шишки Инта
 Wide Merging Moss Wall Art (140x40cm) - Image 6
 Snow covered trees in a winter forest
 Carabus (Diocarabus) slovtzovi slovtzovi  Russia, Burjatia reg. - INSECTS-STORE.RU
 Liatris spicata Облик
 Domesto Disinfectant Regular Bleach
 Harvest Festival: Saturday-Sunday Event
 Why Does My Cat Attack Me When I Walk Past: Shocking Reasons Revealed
━━━━
WORK REQUEST:
Give an exact copy of all the material above.

SOLUTION FOR THIS TASK:
шишки Инта
 Wide Merging Moss Wall Art (140x40cm) - Image 6
 Snow covered trees in a winter forest
 Carabus (Diocarabus) slovtzovi slovtzovi  Russia, Burjatia reg. - INSECTS-STORE.RU
 Liatris spicata Облик
 Domesto Disinfectant Regular Bleach
 Harvest Festival: Saturday-Sunday Event
 Why Does My Cat Attack Me When I Walk Past: Shocking Reasons Revealed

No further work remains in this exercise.